Green check
Link copied to clipboard

How to train Ultralytics YOLO models to detect animals in the wild

Learn how to train YOLO models to detect animals in the wild using the African Wildlife Dataset and use the model to run inferences on unseen images.

Our planet’s wildlife is incredibly diverse, from buzzing bees to towering elephants, and preserving this biodiversity is key to maintaining a balanced ecosystem. However, conservation efforts are becoming more challenging due to habitat loss, poaching, and climate change. All of these factors negatively affect wildlife populations. 

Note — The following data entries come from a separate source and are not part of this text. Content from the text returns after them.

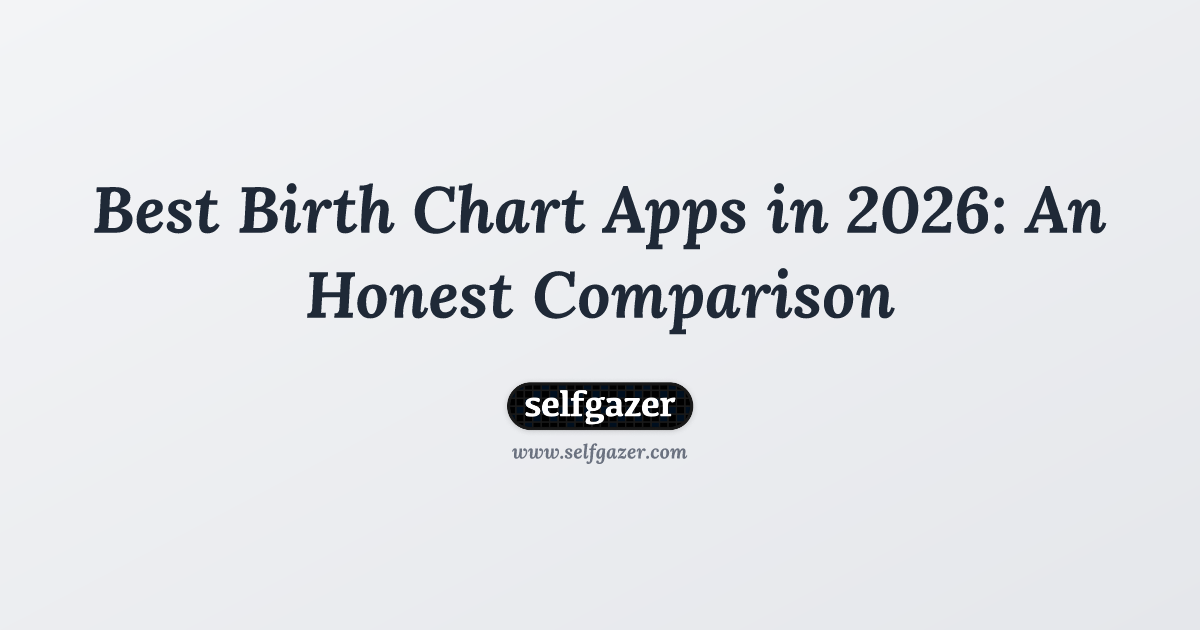 Best Birth Chart Apps in 2026: An Honest Comparison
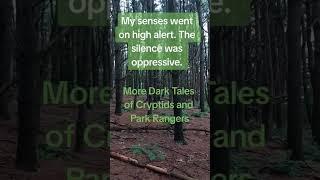 #cryptid #cryptidstories #cryptidhorrorstories #forest #hiking #park #creepy #shortsshelf #darktales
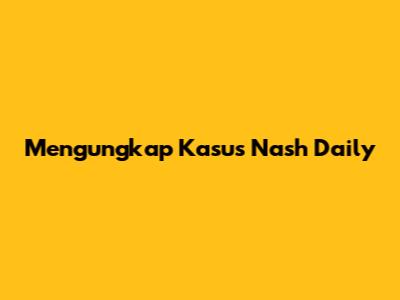 Mengungkap Kasus Nash Daily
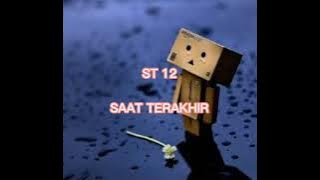 ST 12 _ SAAT TERAKHIR (Akustik HQ audio)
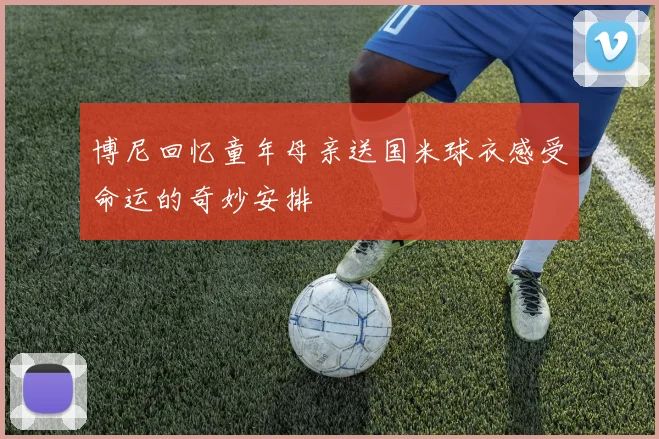 博尼回忆童年母亲送国米球衣感受命运的奇妙安排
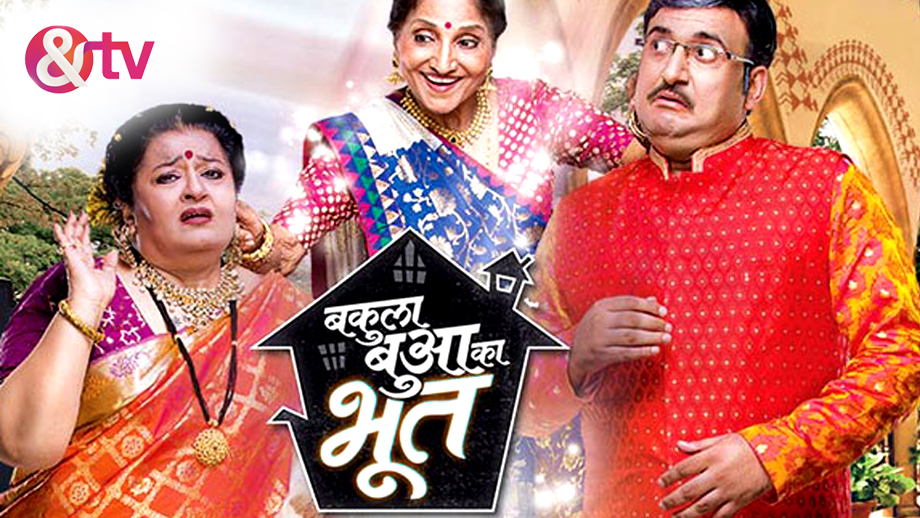 Review: Bakula Bua Ka Bhoot on &TV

Traditional animal monitoring methods, like manually analyzing camera trap images and conducting field surveys, can be slow and require a lot of resources. These efforts often fail to cover large areas and big populations effectively.

To overcome these limitations, artificial intelligence (AI) can be used as an impactful tool in wildlife conservation. Specifically, computer vision models like Ultralytics YOLO11 can analyze visual data like images and videos to automate the real-time identification and tracking of animals. 

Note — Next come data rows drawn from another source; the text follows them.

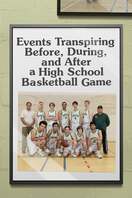 Poster of Events Transpiring Before, During, and After a High School Basketball Game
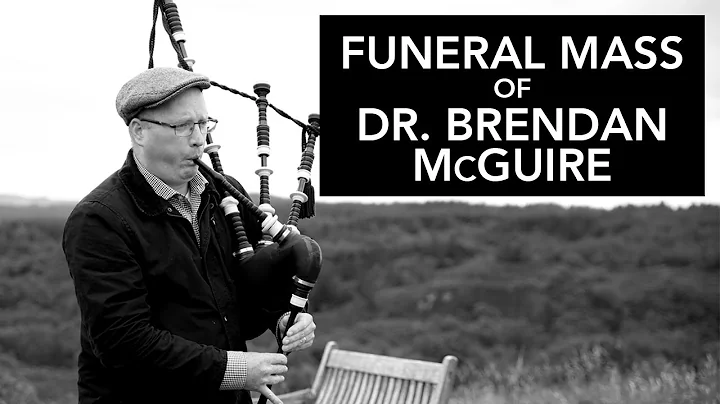 Funeral Mass of Dr. Brendan McGuire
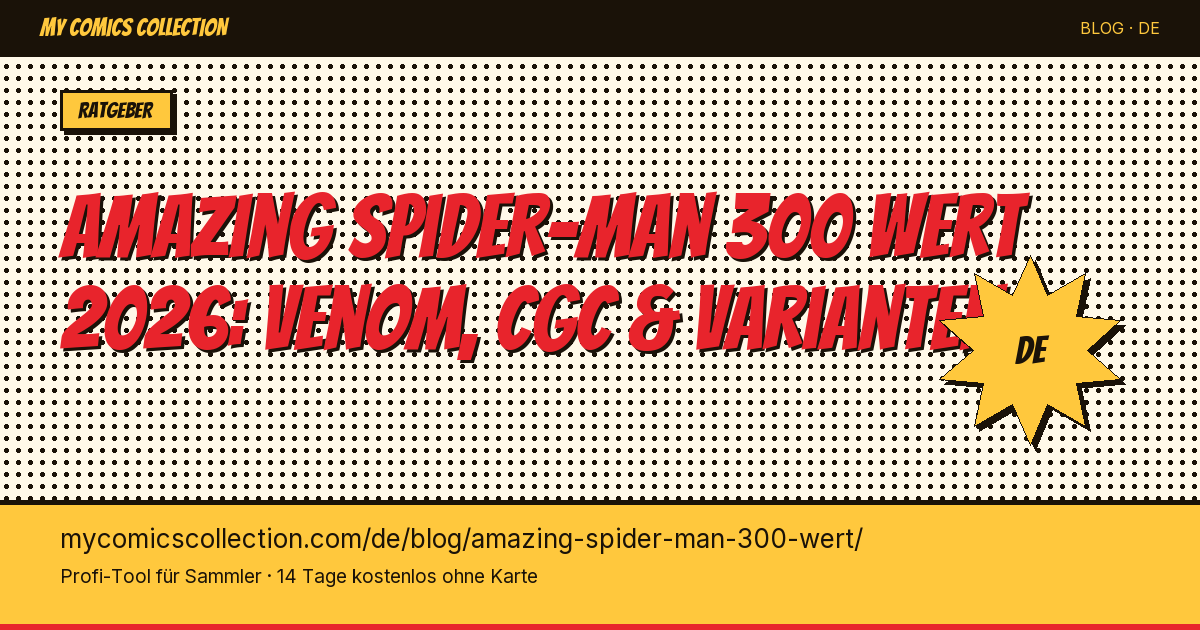 Was ist Amazing Spider-Man #300 wert? Der komplette Ratgeber 2026 — Artikel-Illustration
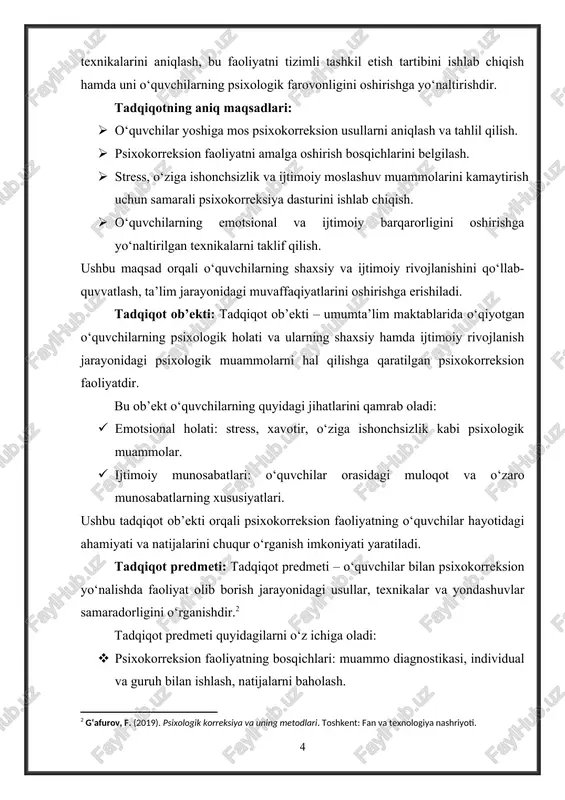 ishonchsizlik darajasi kamayadi; · o‘quv jarayonidagi muvaffaqiyatlari yaxshilanadi; · ularning shaxsiy qobiliyatlarini to‘liq namoyon etishiga sharoit yaratiladi. shuningdek, psixokorreksion faoliyatning natijalari ota-onalar, pedagoglar va psixologlar o‘rtasidagi samarali hamkorlik orqali yanada yuqori samaradorlikka erishishini ta’minlaydi. tadqiqot vazifalari: · nazariy asoslarni o‘rganish: · psixokorreksiya tushunchasi va uning ta’lim-tarbiya jarayonidagi ahamiyatini aniqlash. · psixokorreksion faoliyatning usullari va texnikalarini nazariy jihatdan tahlil qilish. · diagnostika ishlari: · o‘quvchilarning psixologik holatini aniqlash uchun diagnostik metodlarni tanlash va qo‘llash. · ularning emotsional, ijtimoiy va shaxsiy rivojlanishidagi muammolarni aniqlash. · amaliy ishlarni amalga oshirish: · psixokorreksion mashg‘ulotlarni tashkil etish va o‘tkazish. · guruh va individual mashg‘ulotlar samaradorligini tahlil qilish. · hamkorlikni yo‘lga qo‘yish: · ota-onalar va pedagoglar bilan hamkorlikda ishlash usullarini ishlab chiqish. · o‘quvchilarning psixologik rivojlanishidagi muammolarni bartaraf etishda barcha tomonlarni jalb qilish. · natijalarni baholash: · psixokorreksion faoliyat natijalarini monitoring qilish va samaradorligini baholash. · faoliyatning o‘quvchilar psixologik holatiga ijobiy ta’sirini aniqlash. ushbu vazifalar tadqiqotning …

Computer vision tasks like object detection and instance segmentation, supported by YOLO11, are very useful here. By analyzing visual data, these tasks help us collect crucial data, identify ecological patterns, and respond more effectively to environmental threats.

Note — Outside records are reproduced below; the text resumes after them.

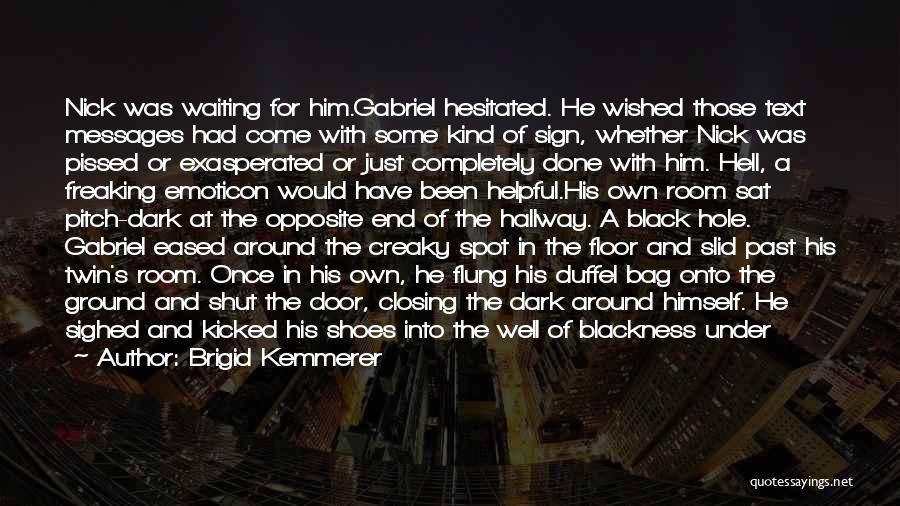 Brigid Kemmerer Quotes: Nick Was Waiting For Him.gabriel Hesitated. He Wished Those Text Messages Had Come With Some Kind Of Sign, Whether Nick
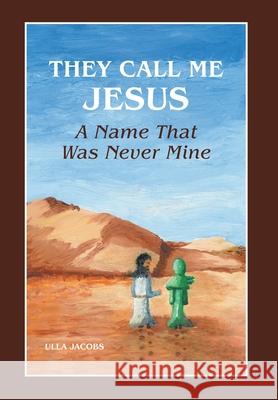 They Call Me Jesus: A Name That Was Never Mine Ulla Jacobs 9781039121454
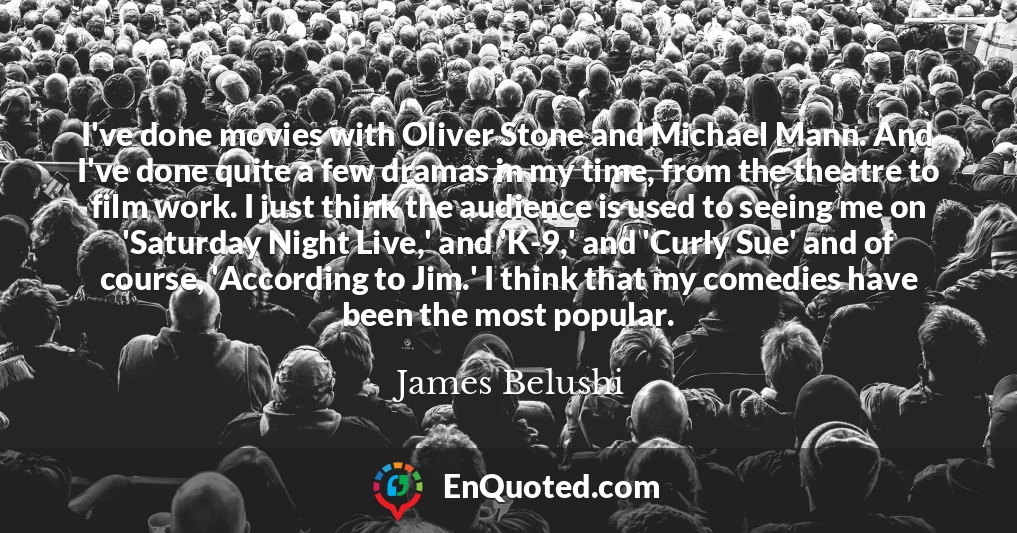 I've done movies with Oliver Stone and Michael Mann. And I've done quite a few dramas in my time, from the theatre to film work. I just think the audience is used to seeing me on 'Saturday Night Live,' and 'K-9,' and 'Curly Sue' and of course, 'According to Jim.' I think that my comedies have been the most popular.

In this article, we will walk through the process of training YOLO11 to detect animals. Let’s get started!

Getting started with Ultralytics YOLO11

Before diving into the tutorial, let's take a look at the different setup options and tools you'll need to train and use YOLO11. 

The main tool you'll need is the Ultralytics Python package, which makes it easy to work with YOLO models for tasks like training, detecting objects, and running inferences. To use the Ultralytics package, you'll need to set up an environment to run your code, and there are various options you can choose from.

Here are some of the most popular options for setting up your development environment:

  • Command-line interface (CLI): The CLI, also known as the terminal, is a text-based tool that lets you interact with your computer by typing commands. Unlike graphical interfaces (GUIs), where you click buttons and use a mouse, the CLI requires you to type text instructions to run programs or execute tasks.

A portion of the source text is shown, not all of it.